IH berperan sebagai kunci dalam jaringan ini. Ia menerima mobil dari AS dan kemudian menyerahkannya kepada RM. Sebelum menjual mobil tersebut kepada IS seharga Rp 23 juta, RM dengan sengaja merusak dua dari tiga alat GPS yang terpasang di mobil untuk menghilangkan jejak. Langkah ini menunjukkan perencanaan yang matang dan upaya untuk mengaburkan jejak kejahatan.
Setelah berpindah tangan ke IS, mobil tersebut akhirnya sampai ke Sertu AA dengan harga yang melonjak menjadi Rp 40 juta.
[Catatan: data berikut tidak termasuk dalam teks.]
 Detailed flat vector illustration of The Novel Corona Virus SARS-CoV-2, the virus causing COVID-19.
Perbedaan harga yang signifikan antara pembelian IS dan Sertu AA (Rp 23 juta vs Rp 40 juta) menunjukkan adanya markup harga yang tidak wajar dan kemungkinan besar indikasi keterlibatan pihak lain dalam transaksi ilegal ini. Proses penjualan yang berlapis-lapis ini menunjukkan adanya upaya untuk menyamarkan asal-usul mobil dan menghindari penyelidikan.
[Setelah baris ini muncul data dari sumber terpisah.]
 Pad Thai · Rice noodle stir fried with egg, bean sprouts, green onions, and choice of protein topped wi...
Pertanyaan yang Belum Terjawab:
Kasus ini meninggalkan sejumlah pertanyaan yang perlu dijawab secara tuntas oleh pihak berwajib:
-
Bagaimana Sertu AA bisa mendapatkan mobil dengan harga yang jauh di bawah harga pasaran? Apakah ada unsur suap atau pencucian uang dalam transaksi ini? Penyelidikan lebih lanjut perlu dilakukan untuk mengungkap kemungkinan keterlibatan pihak lain yang memfasilitasi transaksi ilegal tersebut. Apakah Sertu AA mengetahui asal-usul mobil yang dibelinya? Jika iya, apakah ia terlibat dalam konspirasi penggelapan?
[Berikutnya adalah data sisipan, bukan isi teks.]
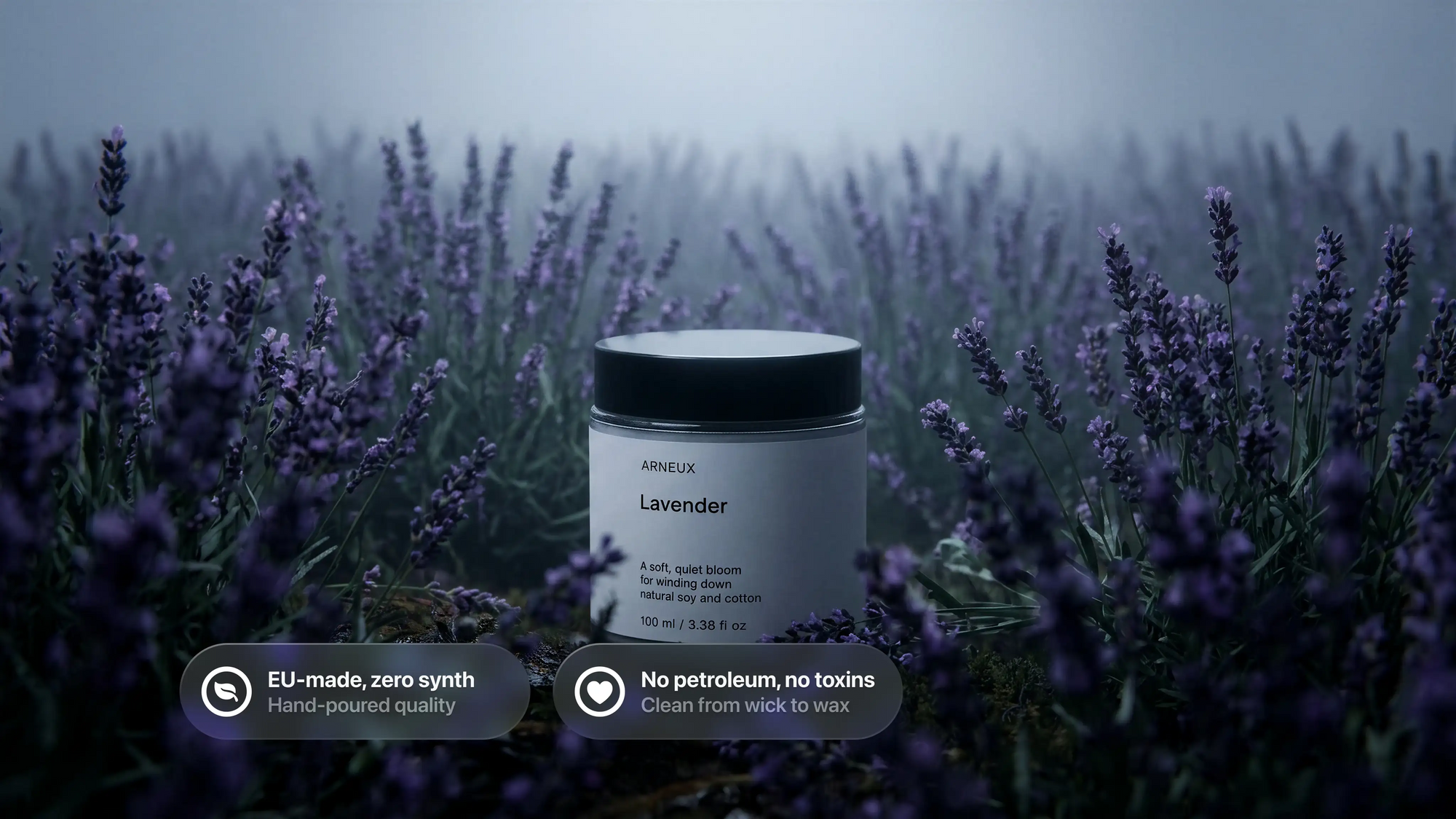 LAVENDER travel candle in misty lavender field at dusk, EU-made zero synth no petroleum no toxins callouts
Apa peran SY dalam transaksi antara IS dan Sertu AA? Siapa SY dan apa hubungannya dengan para tersangka? Perannya dalam menaikkan harga mobil dari Rp 23 juta menjadi Rp 40 juta perlu diungkap untuk mengungkap jaringan penggelapan yang lebih luas.
-
Seberapa luas jaringan penggelapan mobil ini? Apakah hanya melibatkan para tersangka yang telah ditangkap atau masih ada pihak lain yang terlibat? Penyelidikan harus diperluas untuk mengungkap seluruh jaringan dan mencegah kejahatan serupa di masa depan.
-
Bagaimana pengawasan terhadap rental mobil dapat ditingkatkan untuk mencegah kasus serupa? Sistem pelacakan GPS yang lebih canggih dan terintegrasi dengan pihak berwajib perlu dipertimbangkan untuk mencegah penggelapan mobil.
-
Apa sanksi yang akan dijatuhkan kepada Sertu AA? Sebagai anggota TNI, Sertu AA seharusnya menjunjung tinggi hukum dan aturan. Tindakannya yang terlibat dalam kejahatan ini harus diproses secara hukum dan mendapatkan sanksi yang setimpal. Apakah ada kemungkinan keterlibatan oknum lain di dalam institusi TNI?
Implikasi Hukum dan Etika:
Kasus ini memiliki implikasi hukum dan etika yang serius. Selain pasal penggelapan dan pembunuhan, Sertu AA juga dapat dikenakan sanksi kode etik profesi sebagai anggota TNI. Transaksi jual beli mobil dengan harga yang sangat jauh di bawah harga pasaran menimbulkan kecurigaan adanya tindak pidana pencucian uang (TPPU). Penyelidikan yang menyeluruh dan transparan sangat diperlukan untuk mengungkap seluruh jaringan dan memberikan keadilan kepada korban.
Kesimpulan:
Kasus Honda Brio oranye ini lebih dari sekadar kasus penembakan dan penggelapan mobil. Ini adalah gambaran nyata dari jaringan kejahatan terorganisir yang melibatkan berbagai pihak, termasuk oknum aparat. Penyelidikan yang mendalam dan tuntas diperlukan untuk mengungkap seluruh jaringan, memberikan keadilan kepada korban, dan mencegah kejadian serupa di masa depan. Transparansi dan akuntabilitas dari pihak berwajib menjadi kunci dalam menyelesaikan kasus ini dan membangun kepercayaan publik. Harga murah yang fantastis dari mobil tersebut menjadi indikator kuat adanya praktik ilegal yang perlu diusut tuntas. Kejadian ini juga menjadi pengingat pentingnya pengawasan yang ketat terhadap praktik rental mobil dan penegakan hukum yang tegas terhadap kejahatan terorganisir.